Ce texte sera gravé (en anglais, en français, en espagnol, en italien et en arabe) au Marégraphe. Il sera également lu (en anglais et en français) par des actrices célèbres, et enregistré, pour être diffusé en permanence à faible volume autour du monument, de façon à ce que, les jours où le vent n’est pas trop fort, on puisse se rappeler, en tendant l’oreille, comment on prononce Pythéas en anglais : [Païthi: as].

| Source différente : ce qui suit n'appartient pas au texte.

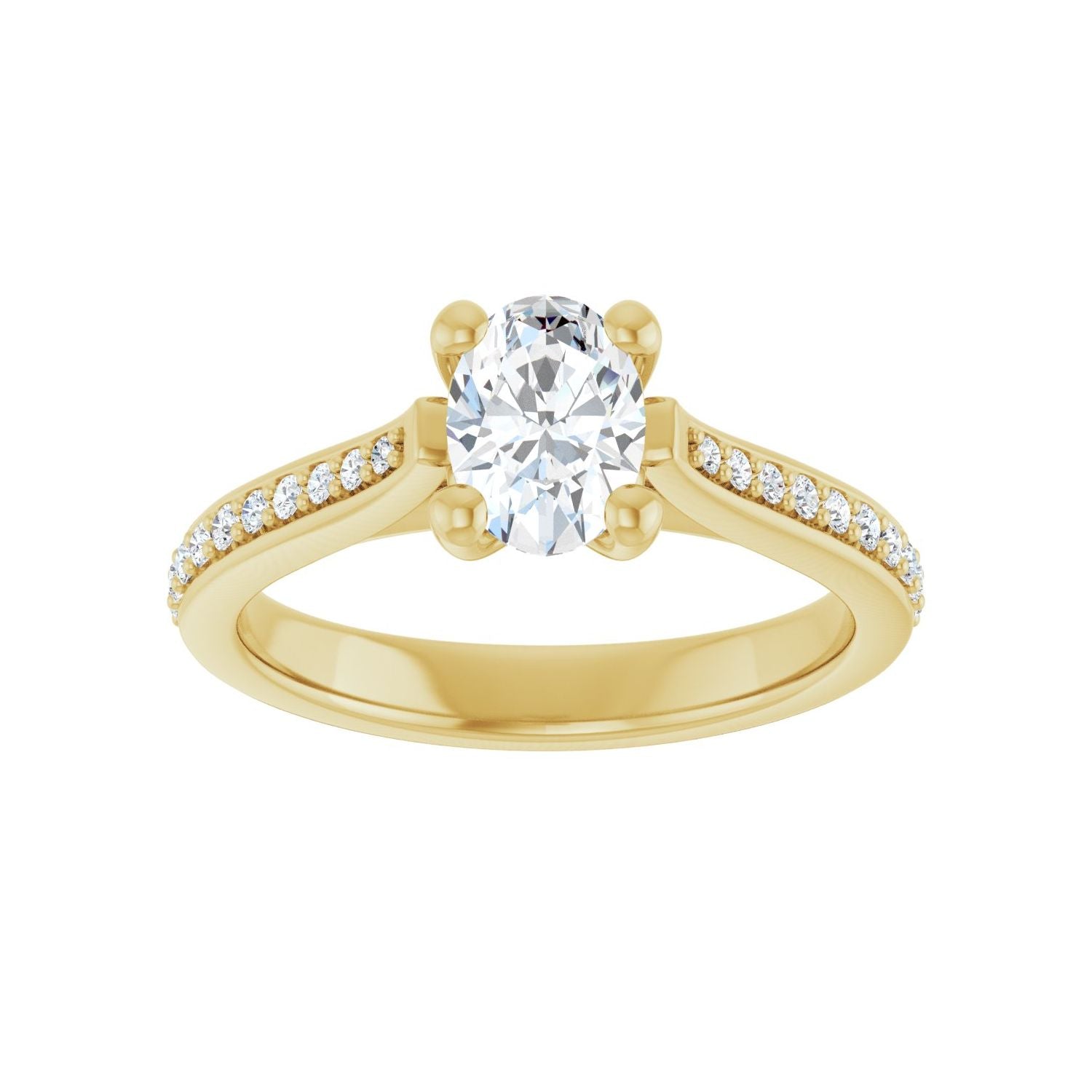 Oval Engagement Ring | Metal Type=14K Yellow Gold | Center Stone Size=1 CT | Image 3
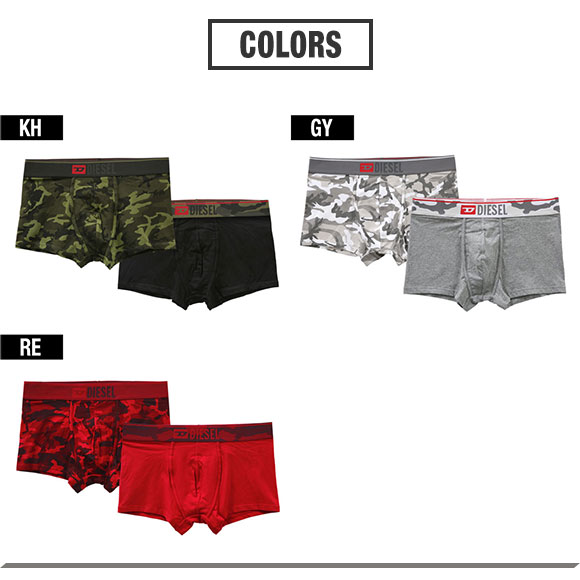 ディーゼル DIESEL MENS UMBX-DAMIEN-TWOPACK ボクサーパンツ 2枚組 メンズ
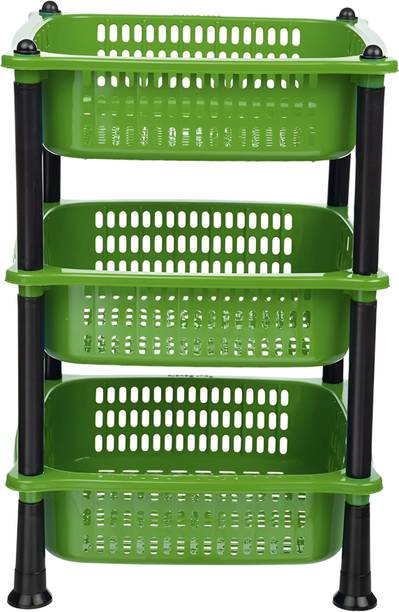 DM PLUS Fruits/Vegetables Kitchen Plastic Rack Onion, Vegetables Green Basket Plastic Kitchen Trolley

Quand on en arrive aux documents historiques, on voit que le premier voyage d’exploration maritime fut accompli par le Marseillais Pythéas vers 330 avant J.-C. (…) Nous savons très peu de choses des circonstances principales du voyage vers le Nord fait par cet astronome et géographe, mais Pythéas désirait probablement voir jusqu’où s’étendait l’Œcumène, ou terre ferme, apprendre la situation du cercle polaire arctique et aller jusqu’au pays du soleil de minuit. Il devait en avoir entendu parler par les marchands qui rapportaient l’étain et l’ambre des régions baltiques en suivant les routes commerciales du continent.
On comprend que Pythéas, qui fut le premier à recourir aux calculs astronomiques pour déterminer la situation géographique d’un lieu et qui a donné d’autres preuves de ses connaissances en la matière, ait accompli son voyage d’exploration avec une science et une habileté particulières. Il semble avoir fait le tour de la Grande-Bretagne, atteint les îles Shetland, puis s’être lancé en plein océan vers le Nord, où il parvint enfin à « Thulé », pays du soleil de minuit. « Dans ce pays, aurait-il écrit, les nuits étaient très courtes, de deux heures ici, de trois heures là, en sorte que le soleil se levait peu de temps après s’être couché.» La région était peuplée de « barbares », qui lui montrèrent « l’endroit où le soleil se repose ». La situation de Thulé a été fort discutée ensuite par les savants ; les uns pensant que c’était l’Islande, d’autres ont estimé que Pythéas traversa la mer du Nord et arriva en Norvège. Il aurait encore décrit une « mer congelée » s’étendant au nord de Thulé, ce qui semblerait plutôt indiquer l’Islande.
Mais les siècles d’ignorance allaient s’appesantir sur le monde civilisé. Les savants postérieurs à Pythéas ne paraissent pas avoir tenu grand compte des connaissances que lui avaient valu ses voyages. Le géographe Posidonius a traité de l’Océan, qui « s’étendait à l’infini », et entrepris un voyage de Rhodes à Gadir (Cadix), pour le contempler, mesurer ses marées et voir jusqu’à quel point il était exact que le Soleil s’y plongeât le soir avec le sifflement que fait un fer rouge trempé dans l’eau.
Il faut attendre que douze cents ans s’écoulent après Pythéas pour rencontrer un autre récit précis d’exploration.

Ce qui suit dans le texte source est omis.